1. First, unsafe doesn't mean you shouldn't use it on .NET. It just means you need to do more checks manually.

2. A lot of things you can do in Go are unsafe in .NET terms - e.g. even slice is a leaky & unsafe abstraction: https://alexyakunin.medium.com/slice-an-extremely-leaky-abst...

3. Yes, the fact Go doesn't support SIMD intrinsics explains why it loses not only to C#, but also to C++ and Rust on math-intensive tests. But it loses to C# on other tests too - e.g.: - https://benchmarksgame-team.pages.debian.net/benchmarksgame/... - https://benchmarksgame-team.pages.debian.net/benchmarksgame/...

And as you might notice, the code length doesn't differ much there.

1 comments

We went form "Go is 50x more lines of code than C#" to "C# code is not that bigger than Go". The OP was dramatically wrong about Go being more verbose than C# when the exact opposite is true.

Go has support for assembly and supports SIMD intrinsics just fine. See for example https://github.com/bamiaux/rez/blob/master/vscalers_amd64.s

My point is that if you want to KNOW which language is faster (as opposed to trying to PROVE that YOUR language is faster) you wouldn't compare a C# code optimized with SIMD intrinsics with Go code that doesn't use SIMD intrinsics.

The problem with BenchmarksGame is that it doesn't try to enforce apples-to-apples benchmarks.

It's fun thing to see how far you can push a given implementation if you're willing to spend a lot of time on it.

It compares implementation of the benchmark code, not the quality of the compilers on the code that you'll actually write in real life.

> The OP was dramatically wrong about Go being more verbose than C# when the exact opposite is true.

Sorry, I missed the proof - can you point me to it?

What you presented as "more verbose code" isn't actually a proof - i.e. yes, SIMD code is obviously more verbose than a normal one. And faster.

> Go has support for assembly and supports SIMD intrinsics just fine.

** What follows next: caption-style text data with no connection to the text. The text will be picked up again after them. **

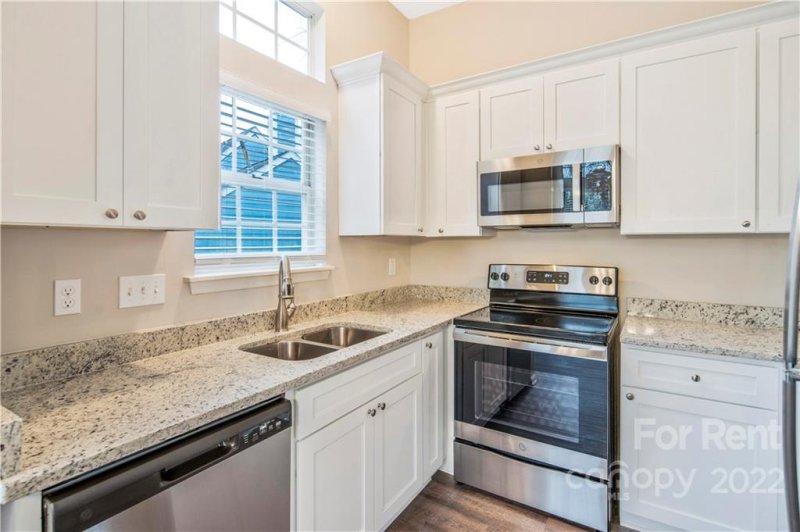 Property image 4 at 6103 Sunstone Drive, Charlotte, NC 28269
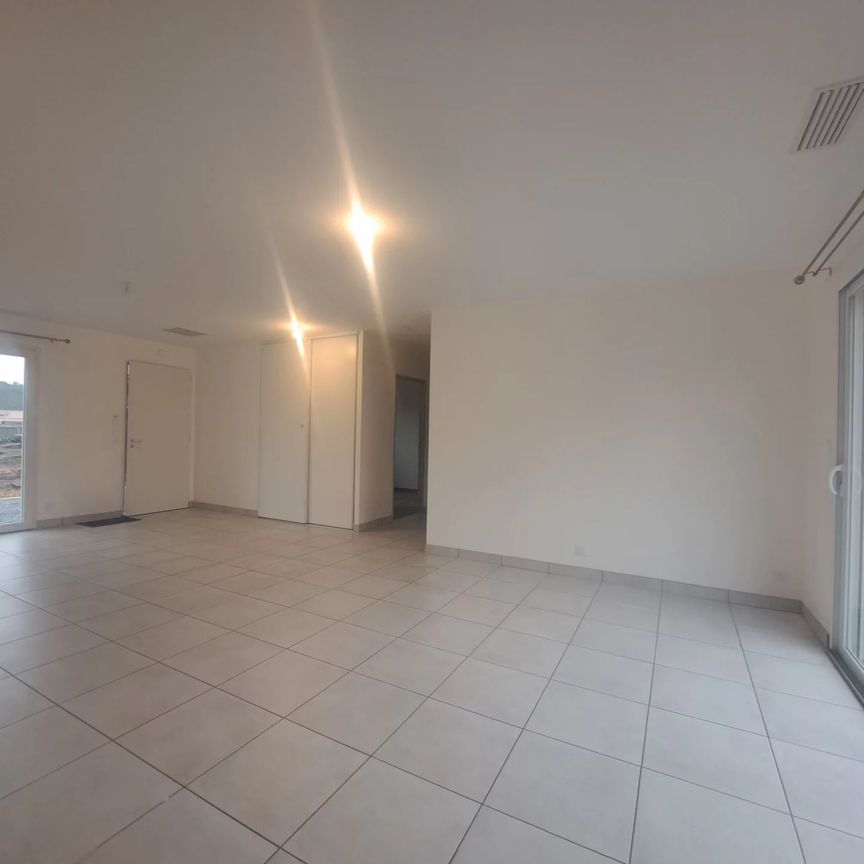 ALOUER MAISON 2022 A LUGOS T4 - Photo 1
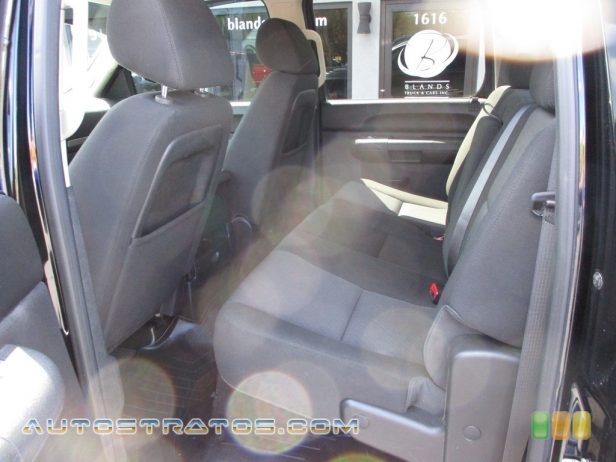 2014 Chevrolet Silverado 2500HD LT Crew Cab 4x4 6.6 Liter OHV 32-Valve Duramax Turbo-Diesel V8 6 Speed Allison 1000 Automatic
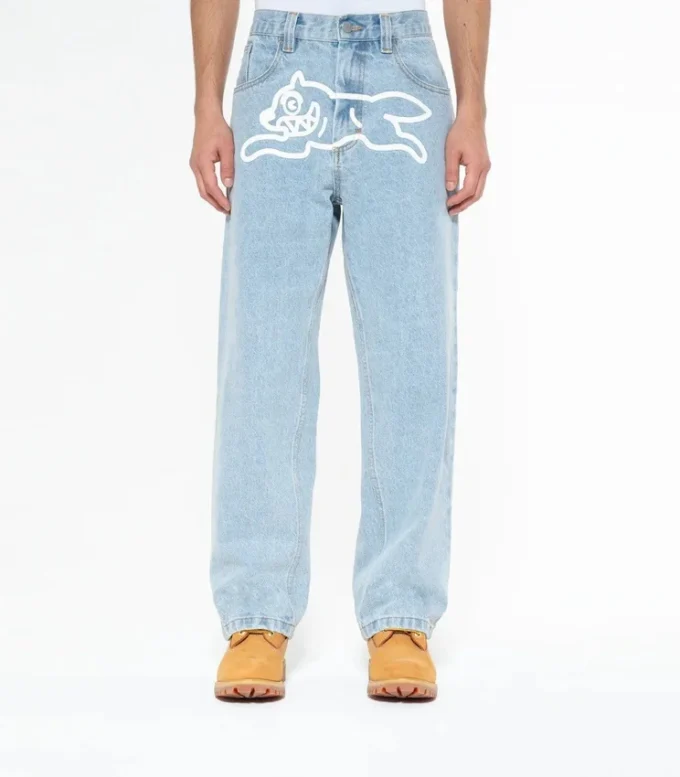 Pantalones vaqueros de doble bolsillo con el perro corriendo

But wait, in this sense any language has support for assembly and SIMD. Bundled assembler is not the same as language-level support for SIMD - and even in https://benchmarksgame-team.pages.debian.net/benchmarksgame/... a large portion of SIMD code is actually cross-platform (what uses Vector<double>), and I am pretty sure sticking to just cross-platform SIMD APIs would be enough to beat Go.

> You wouldn't compare a C# code optimized with SIMD intrinsics with Go code that doesn't use SIMD intrinsics.

You use what's not against the rules, and it's not against the rules on CLBG. You're free to submit your own version of the same benchmark on Go relying on SIMD or whatever you prefer.

> It compares implementation of the benchmark code, not the quality of the compilers on the code that you'll actually write in real life.

Yes, any benchmark is somewhat biased. But honestly, comparing real-life benchmarks is even harder - they involve much more components, so whoever isn't happy with the results can always claim it's a comparison of frameworks, not the actual programs, etc., etc.